WHAT YOU WILL DO —
The listing below holds a line with "Halloween Spooky House" and a line with "Santa's Favorite Stacked". Reproduce those two lines exactly, plus everything between them.

EXERCISE DATA —
────────

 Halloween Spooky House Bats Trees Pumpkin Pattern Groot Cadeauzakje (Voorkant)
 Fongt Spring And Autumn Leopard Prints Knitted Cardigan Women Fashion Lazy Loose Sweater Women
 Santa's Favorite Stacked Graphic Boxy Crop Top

────────

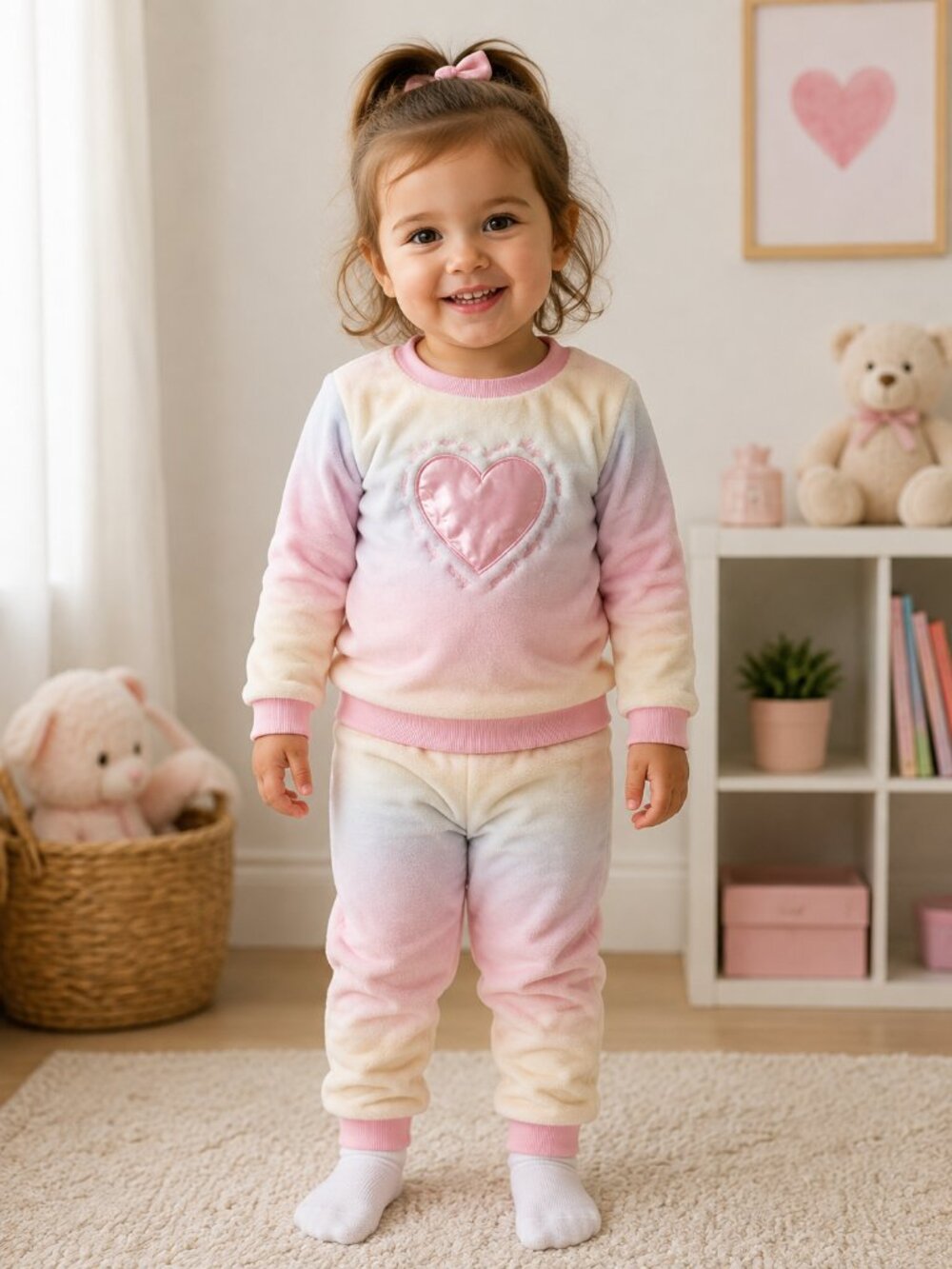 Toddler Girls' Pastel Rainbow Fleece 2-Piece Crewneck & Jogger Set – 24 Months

────────

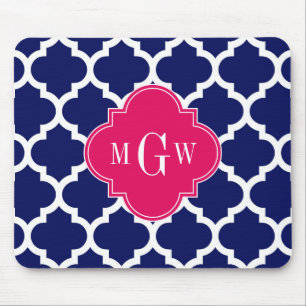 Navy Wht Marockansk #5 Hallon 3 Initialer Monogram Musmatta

────────

TASK RESULT —
 Halloween Spooky House Bats Trees Pumpkin Pattern Groot Cadeauzakje (Voorkant)
 Fongt Spring And Autumn Leopard Prints Knitted Cardigan Women Fashion Lazy Loose Sweater Women
 Santa's Favorite Stacked Graphic Boxy Crop Top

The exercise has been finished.